Activity
Your task is to give the entries back exactly, leaving nothing out.

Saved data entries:
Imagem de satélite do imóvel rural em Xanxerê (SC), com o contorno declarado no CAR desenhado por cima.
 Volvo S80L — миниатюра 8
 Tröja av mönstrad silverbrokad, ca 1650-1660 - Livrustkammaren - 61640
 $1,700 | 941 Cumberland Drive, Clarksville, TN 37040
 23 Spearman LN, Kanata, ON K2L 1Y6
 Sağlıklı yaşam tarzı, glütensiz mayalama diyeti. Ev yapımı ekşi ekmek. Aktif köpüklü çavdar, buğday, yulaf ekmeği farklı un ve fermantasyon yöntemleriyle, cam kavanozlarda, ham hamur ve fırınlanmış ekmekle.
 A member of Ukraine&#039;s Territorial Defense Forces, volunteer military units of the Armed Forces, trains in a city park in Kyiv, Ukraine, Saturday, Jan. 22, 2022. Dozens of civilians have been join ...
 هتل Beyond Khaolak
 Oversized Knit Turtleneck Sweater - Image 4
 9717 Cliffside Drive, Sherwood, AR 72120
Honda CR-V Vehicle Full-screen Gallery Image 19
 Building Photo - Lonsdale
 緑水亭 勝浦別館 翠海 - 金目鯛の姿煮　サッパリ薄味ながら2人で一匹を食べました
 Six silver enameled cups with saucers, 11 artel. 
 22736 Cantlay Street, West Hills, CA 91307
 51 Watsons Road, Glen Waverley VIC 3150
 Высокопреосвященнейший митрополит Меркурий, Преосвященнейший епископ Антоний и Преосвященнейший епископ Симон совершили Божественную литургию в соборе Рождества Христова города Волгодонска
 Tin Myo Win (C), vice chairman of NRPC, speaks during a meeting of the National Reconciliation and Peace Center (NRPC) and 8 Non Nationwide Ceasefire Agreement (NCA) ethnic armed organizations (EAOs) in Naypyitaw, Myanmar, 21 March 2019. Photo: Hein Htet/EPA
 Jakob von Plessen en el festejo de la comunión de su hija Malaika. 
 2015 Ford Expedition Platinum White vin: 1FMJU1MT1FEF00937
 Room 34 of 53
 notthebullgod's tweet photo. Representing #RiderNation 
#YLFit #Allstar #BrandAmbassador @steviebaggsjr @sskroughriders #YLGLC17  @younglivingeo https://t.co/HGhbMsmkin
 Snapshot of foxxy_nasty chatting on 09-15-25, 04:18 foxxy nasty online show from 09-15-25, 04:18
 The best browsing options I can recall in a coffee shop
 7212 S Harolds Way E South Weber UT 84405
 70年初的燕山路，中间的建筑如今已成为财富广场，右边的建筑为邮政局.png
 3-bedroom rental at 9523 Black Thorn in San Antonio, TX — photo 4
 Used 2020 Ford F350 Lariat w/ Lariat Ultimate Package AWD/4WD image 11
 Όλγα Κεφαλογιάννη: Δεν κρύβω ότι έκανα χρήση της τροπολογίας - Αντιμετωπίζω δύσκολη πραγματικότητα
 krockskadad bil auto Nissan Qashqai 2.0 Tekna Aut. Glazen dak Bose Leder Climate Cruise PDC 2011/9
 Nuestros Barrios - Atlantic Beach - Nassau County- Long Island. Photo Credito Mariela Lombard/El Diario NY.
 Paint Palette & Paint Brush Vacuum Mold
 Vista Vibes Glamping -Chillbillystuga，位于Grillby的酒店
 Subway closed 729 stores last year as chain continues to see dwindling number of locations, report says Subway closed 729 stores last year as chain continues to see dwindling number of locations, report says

Exercise output
Imagem de satélite do imóvel rural em Xanxerê (SC), com o contorno declarado no CAR desenhado por cima.
 Volvo S80L — миниатюра 8
 Tröja av mönstrad silverbrokad, ca 1650-1660 - Livrustkammaren - 61640
 $1,700 | 941 Cumberland Drive, Clarksville, TN 37040
 23 Spearman LN, Kanata, ON K2L 1Y6
 Sağlıklı yaşam tarzı, glütensiz mayalama diyeti. Ev yapımı ekşi ekmek. Aktif köpüklü çavdar, buğday, yulaf ekmeği farklı un ve fermantasyon yöntemleriyle, cam kavanozlarda, ham hamur ve fırınlanmış ekmekle.
 A member of Ukraine&#039;s Territorial Defense Forces, volunteer military units of the Armed Forces, trains in a city park in Kyiv, Ukraine, Saturday, Jan. 22, 2022. Dozens of civilians have been join ...
 هتل Beyond Khaolak
 Oversized Knit Turtleneck Sweater - Image 4
 9717 Cliffside Drive, Sherwood, AR 72120
Honda CR-V Vehicle Full-screen Gallery Image 19
 Building Photo - Lonsdale
 緑水亭 勝浦別館 翠海 - 金目鯛の姿煮　サッパリ薄味ながら2人で一匹を食べました
 Six silver enameled cups with saucers, 11 artel. 
 22736 Cantlay Street, West Hills, CA 91307
 51 Watsons Road, Glen Waverley VIC 3150
 Высокопреосвященнейший митрополит Меркурий, Преосвященнейший епископ Антоний и Преосвященнейший епископ Симон совершили Божественную литургию в соборе Рождества Христова города Волгодонска
 Tin Myo Win (C), vice chairman of NRPC, speaks during a meeting of the National Reconciliation and Peace Center (NRPC) and 8 Non Nationwide Ceasefire Agreement (NCA) ethnic armed organizations (EAOs) in Naypyitaw, Myanmar, 21 March 2019. Photo: Hein Htet/EPA
 Jakob von Plessen en el festejo de la comunión de su hija Malaika. 
 2015 Ford Expedition Platinum White vin: 1FMJU1MT1FEF00937
 Room 34 of 53
 notthebullgod's tweet photo. Representing #RiderNation 
#YLFit #Allstar #BrandAmbassador @steviebaggsjr @sskroughriders #YLGLC17  @younglivingeo https://t.co/HGhbMsmkin
 Snapshot of foxxy_nasty chatting on 09-15-25, 04:18 foxxy nasty online show from 09-15-25, 04:18
 The best browsing options I can recall in a coffee shop
 7212 S Harolds Way E South Weber UT 84405
 70年初的燕山路，中间的建筑如今已成为财富广场，右边的建筑为邮政局.png
 3-bedroom rental at 9523 Black Thorn in San Antonio, TX — photo 4
 Used 2020 Ford F350 Lariat w/ Lariat Ultimate Package AWD/4WD image 11
 Όλγα Κεφαλογιάννη: Δεν κρύβω ότι έκανα χρήση της τροπολογίας - Αντιμετωπίζω δύσκολη πραγματικότητα
 krockskadad bil auto Nissan Qashqai 2.0 Tekna Aut. Glazen dak Bose Leder Climate Cruise PDC 2011/9
 Nuestros Barrios - Atlantic Beach - Nassau County- Long Island. Photo Credito Mariela Lombard/El Diario NY.
 Paint Palette & Paint Brush Vacuum Mold
 Vista Vibes Glamping -Chillbillystuga，位于Grillby的酒店
 Subway closed 729 stores last year as chain continues to see dwindling number of locations, report says Subway closed 729 stores last year as chain continues to see dwindling number of locations, report says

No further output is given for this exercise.